Depuis 2019, Robert Plant tourne sous la bannière Saving Grace qui s'est donnée pour profession de foi de rouvrir les pages du livre des traditions musicales américaines, un ouvrage qui commençait à prendre la poussière. Si l'aventure a été contrainte à faire du surplace en raison du Covid, l'ex-chanteur de Led Zeppelin a annoncé la date du 26 septembre 2025 comme celle de la sortie d'un premier album crédité des noms de Robert Plant et Suzi Dian et enregistré au Pays de Galles.

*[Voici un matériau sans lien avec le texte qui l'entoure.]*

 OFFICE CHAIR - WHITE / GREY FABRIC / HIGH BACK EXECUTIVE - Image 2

Robert Plant aime les voyages. "Saving Grace" nous fait traverser des failles spatio-temporelles en ravivant la voix de la tradition. Les reprises qui sont proposées sont aux yeux des néophytes tout sauf des standards. Il serait donc impossible d'accuser un Robert Plant à court d'idée de se livrer pieds et poings liés à l'un des deux exercices de style préférés des chanteurs en détresse (le second de ceux-ci est la réinterprétation de ses chansons en duo). Nous retrouvons pêle-mêle Martha Scanlan, Bob Mosley ou encore Blind Willie Johnson. Le choix du répertoire nous permet de profiter d'un éventail assez large de genres : country, folk, blues. Ces morceaux exhumés du passé nous parlent d'une époque américaine pas si lointaine. L'émotion est à fleur de peau, l'accent étant placé sur un minimalisme
acoustique. La guitare nous offre des motifs clairs et
éclatants ('As I Roved Out', 'Too Far From You' ponctués de jolies échappées en solitaire),
la section rythmique est dynamique, faisant quelquefois parler la poudre.

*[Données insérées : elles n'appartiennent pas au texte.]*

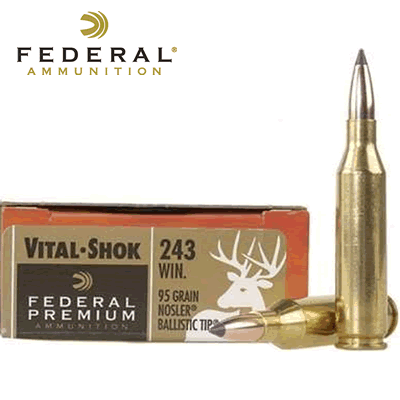 Federal - .243 Win Premium Vital-Shock 95gr Nosler Rifle Ammunition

La voix grave de patriarche se fait conteuse et nous sommes prêts à la suivre jusqu'aux frontières de l'aube ('Soul Of A Man'). Cet esprit n'est jamais sentencieux et se fait revitalisant comme si par un dimanche sombre dans une maisonnette perdue au milieu de la campagne, des spectres bienveillants venaient nous partager leurs récits de vivants et autres cicatrices. La voix enchanteresse de Suzi Dian est un atout de charme. Les deux interprètes semblent fusionner en une seule voix, davantage que dans l'épisode Alison Krauss (It's A Beautiful Day', 'Ticket Taker', 'I Never Will Marry'). Les deux interprètes s'offrent à nous avec leur fragilité, leur vulnérabilité, En somme il n'y a pas de tricherie et ce rapport de confiance est honoré pour le plus grand plaisir de nos oreilles, notamment sur le sommet émotionnel l'incandescent 'Everybody's Song'. Beau joueur, Robert Plant laisse sa partenaire vocale prendre un peu de hauteur sur 'Higher Rock'. Nous pourrions toutefois relever quelques instants monotones en première partie de l'album, l'esprit minimaliste pouvant laisser éclater en nous la fausse impression que nous écoutons le même morceau en boucle.
Ne lui parlez pas de retraite ! 77 ans au compteur, Robert Plant, en compagnie de sa formation Saving Grace, a toujours soif d'arpenter de nouveaux territoires et de nous ramener des perles aussi éclatantes que rutilantes d'une tradition musicale dont il s'est fait le gardien. Comme le bison de la pochette, nous espérons l'entendre poursuivre sa quête aux confins des genres musicaux.